スプリンターズステークス2023
[GⅠスプリンターズステークス=2023年10月1日(日曜)3歳上、中山競馬場・芝外1200メートル]
今年に入ってのスプリント重賞(2、3歳限定は除く)で8レースで1番人気の勝利は1度だけ。頂点のレースであるGⅠ高松宮記念も12番人気の伏兵ファストフォースが勝利し、その高松宮記念を含む半数の4レースで3連単40万円以上を記録した。王者不在の短距離戦線の混迷ぶりを表すようなレースが続いている。

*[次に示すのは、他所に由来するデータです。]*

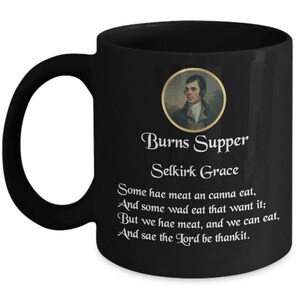 May include: Black coffee mug with a white image of Robert Burns and a quote from his poem "Selkirk Grace". The quote reads: "Some hae meat an canna eat, And some wad eat that want it: But we hae meat, and we can eat, And sae the Lord be thankit."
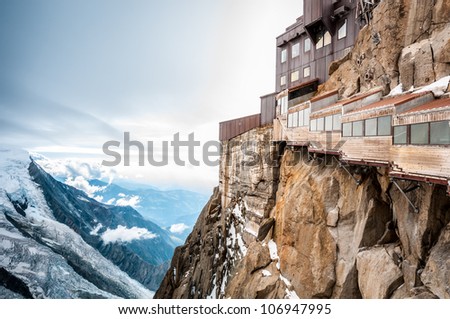View of the Alps from Aiguille du Midi mountain in the Mont Blanc massif in the French Alps. Summit tourist station in foreground. Alps, France, Europe.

秋の短距離王決定戦のここも春王者ファストフォースが不在。確たる主役も見当たらず今回も波乱の予感が漂うが、そんなムードを一掃するようなスプリント王が誕生するか。
そんなメンバー構成だけにナムラクレア(牝4・長谷川)にとって悲願のGⅠ制覇のチャンスだろう。昨年は5着とはいえ内有利の馬場に泣かされたもの。前走のキーンランドCは着差以上の完勝で芝6ハロン重賞4勝目をゲットした。春の高松宮記念では勝ち馬の大駆けに屈したが、短距離王の座に一番近い存在であるのはこの馬で間違いない。
冒頭で触れた今年の短距離重賞8レースの中で、唯一の2勝馬がCBC賞→北九州記念連勝のジャスパークローネ(牡4・森秀)。ここにきての充実度なら最上位だ。前走・北九州記念は3ハロン32秒9のハイラップを刻んで押し切った一方、ハナを切れなかった函館SSでは16着に大敗。強さとモロさの同居するタイプだけに展開はカギとなるが、自分の形に持ち込めれば再度の逃げ切りがあっても。
昨年の2、3着馬が今年も参戦。ウインマーベル(牡4・深山)は3歳の身で挑んだ初GⅠでクビ差2着とトップ級のスピードを見せた。また、昨年の高松宮記念勝ち馬ナランフレグ(牡7・宗像)も自慢の差し脚で勝ち馬から0秒2差まで追い上げた。ただ、ともにその後の走りは精彩を欠き、前哨戦のキーンランドCでは大敗しているだけに…。
アグリ(牡4・安田隆)は4連勝で年明けの阪急杯V。その後のGⅠ2戦では結果が出なかったものの、仕切り直しとなった前走・セントウルSで最速上がり2着と力を再アピールした。3度目のGⅠ挑戦でチャンスをつかみたいところ。さらに、1年ぶりのアイビスSDを制したオールアットワンス(牝5・中舘)、芝6ハロンの日本レコードホルダー・テイエムスパーダ(牝4・木原)、復活を期すピクシーナイト(牡5・音無)、函館スプリントS勝ち馬キミワクイーン(牝4・奥村武)らV有資格馬は五指に余る状況だ。
また、ファンの人気も含めて注目したいのはメイケイエール(牝5・武英)とママコチャ(牝4・池江)。メイケイは6度目のスプリントGⅠ挑戦。昨年の同レース、今年の高松宮記念と1番人気を裏切っているだけに、主戦・池添も巻き返しに力が入ろう。ママコチャは白毛ソダシの全妹。初の6ハロン戦となった北九州記念で2着と即結果を出しており、偉大な姉の背中を追うべくGⅠホースとなることができるか。